Asmet Sheikh, 23, lives with her mother and sister in a rented one-room apartment in Auquf Building in Srinagar, Kashmir. She lost her father to cancer in 2019. His untimely passing away brought the family not just the grief of losing a loved one but also a financial crisis. While Asmet was skilled at designing and tailoring, that could not convert into a source of income because the sewing machine she had was old and quite worn.
In April 2021, with support from a CSR partner, ActionAid Association started a livelihood generation programme in Srinagar. To enable socio-economically disadvantaged women to earn a livelihood, we identified 44 most vulnerable women with the community’s help. Subsequently, we provided these women with equipment, monetary and technical assistance.
We gave equipment worth Rs. 12,250 each to 18 women for tailoring, and tools and material worth Rs. 12,500 each to 13 women for embroidery. Besides, we transferred Rs. 7,500 each to 13 women, so they could run small shops or vending outlets. In addition to material support, we provided them with related training and other inputs, and regularly monitored their progress. We are happy to share that this programme has created sustainable income generation opportunities and is already having a transformative impact on these women’s lives and their families.

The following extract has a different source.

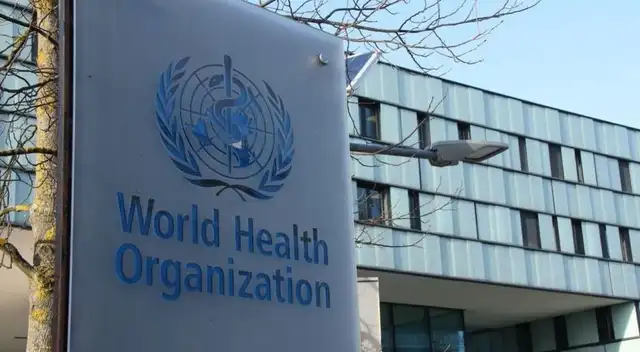 La OMS ha prohibido el ingreso de periodistas al recinto. La OMS ha prohibido el ingreso de periodistas al recinto.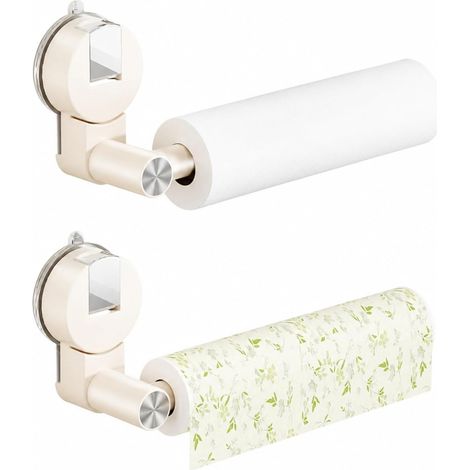 Porte-papier toilette, porte-essuie-tout avec ventouse, toilette (1/5)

Asmet Sheikh is among the 44 women we supported. We gave her a sewing machine and an interlock machine. “The sewing machine I earlier used didn’t work most of the time. I also didn’t have an interlock machine and hence had to go to nearby tailoring shops for interlocking clothes, paying Rs. 20-30 each time,” narrates Asmet. She designs and makes various kinds of dresses for women and children using her new machines. In addition, the designer caps she makes, including the beautiful sozni caps and tilla patch caps, are bringing her many new customers and additional income. “I am grateful to ActionAid Association for enabling me to use my skills to generate income for my family. The interlock machine has been of immense help. In addition to stitching jobs, I am now getting a lot of interlocking work. The support I received has helped me become more empowered and independent,” says Asmet with a smile on her face.
With her family becoming financially secure enough to meet the day-to-day expenses, Asmet now wants to open a boutique of her own from where she can run her business and train other women in designing and tailoring!